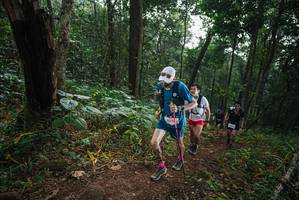 BIB: 1071
                            <button type="button" onclick="openModal(22447521)" class="btn btn-primary btn-sm float-right btn-popup" data-toggle="modal" data-target=".modal-high-quality">
                        <i class="fas fa-shopping-cart"></i> Add to Cart
                    </button>
                                            <button type="button" onclick="isThisMe(22447521, true)" class="btn btn-success btn-sm float-right btn-popup btn-isme hidden" data-toggle="tooltip" data-placement="bottom" title="นี่คือรูปของคุณใช่ไหม คลิกที่นี่เพื่อเอาเข้าอัลบั้ม">
                        <i class="fas fa-plus"></i> Add to album
                    </button>
                    <button type="button" onclick="isThisMe(22447521, false)" class="btn btn-warning btn-sm float-right btn-popup btn-isnotme hidden">
                        <i class="fas fa-ban"></i> Remove from album
                    </button>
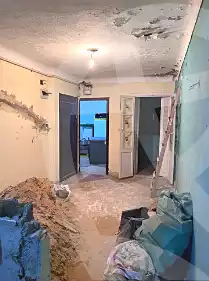 https://aqarmap.com.eg/ar/listing/7197550-for-sale-alexandria-el-asafra-l-sfr-qbly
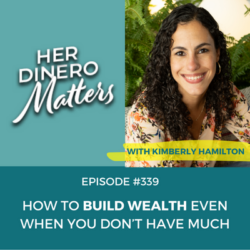 How to Build Wealth Even When You Don’t Have Much (1)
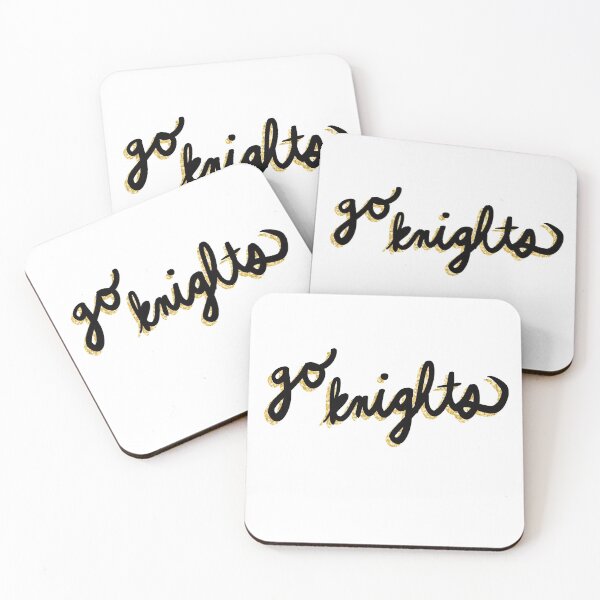 Item preview, Go Knights UCF designed and sold by cglackey.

§ WORK INSTRUCTIONS: Once the line holding "btn-warning btn-sm float-right" is found, set it down along with every line after it through the end of the entries, exactly, leaving the pictures out.

§ FINAL ANSWER:
                    <button type="button" onclick="isThisMe(22447521, false)" class="btn btn-warning btn-sm float-right btn-popup btn-isnotme hidden">
                        <i class="fas fa-ban"></i> Remove from album
                    </button>
 https://aqarmap.com.eg/ar/listing/7197550-for-sale-alexandria-el-asafra-l-sfr-qbly
 How to Build Wealth Even When You Don’t Have Much (1)
 Item preview, Go Knights UCF designed and sold by cglackey.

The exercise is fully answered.